## Records for processing:
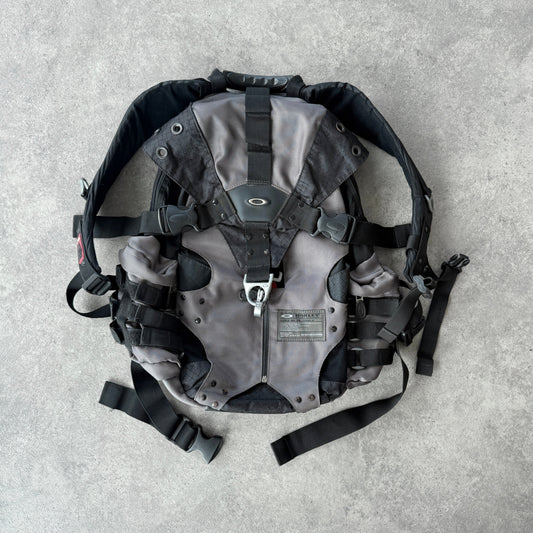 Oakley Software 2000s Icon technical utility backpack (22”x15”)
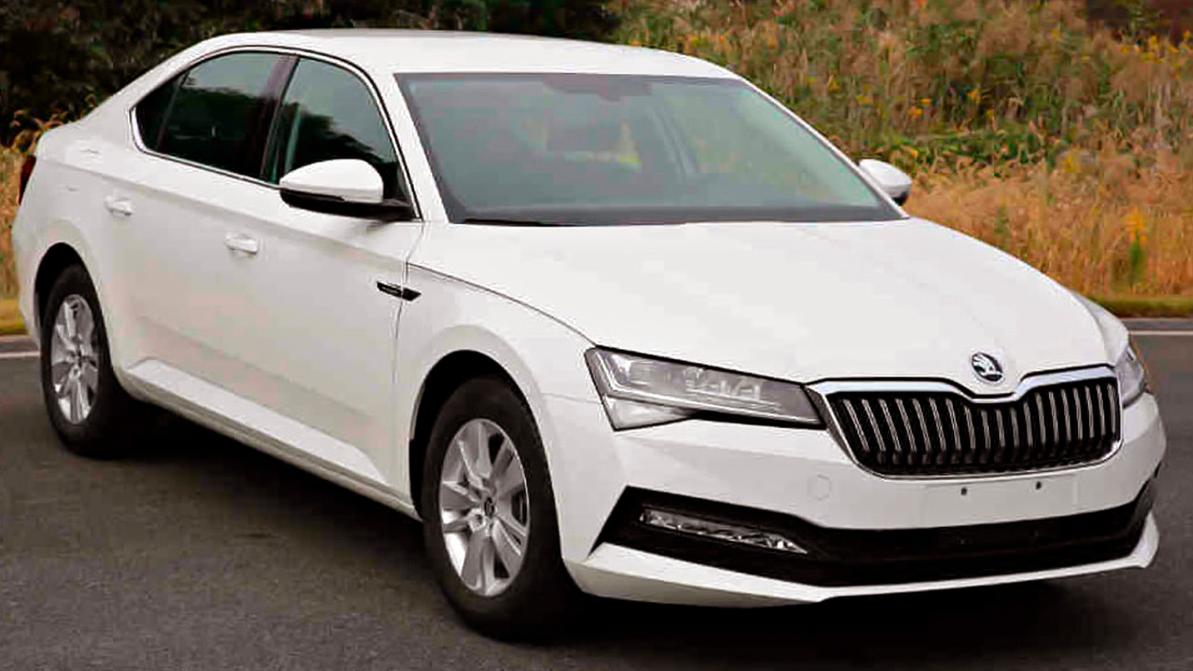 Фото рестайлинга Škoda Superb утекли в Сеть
---
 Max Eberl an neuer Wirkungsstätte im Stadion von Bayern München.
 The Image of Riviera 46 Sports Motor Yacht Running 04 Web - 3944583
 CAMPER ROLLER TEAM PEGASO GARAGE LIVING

## The task:
Every line from the line containing "The Image of" through the line containing "CAMPER ROLLER TEAM PEGASO GARAGE LIVING" in the records above must be retyped exactly. Leave out the rest.

## Solution below:
 The Image of Riviera 46 Sports Motor Yacht Running 04 Web - 3944583
 CAMPER ROLLER TEAM PEGASO GARAGE LIVING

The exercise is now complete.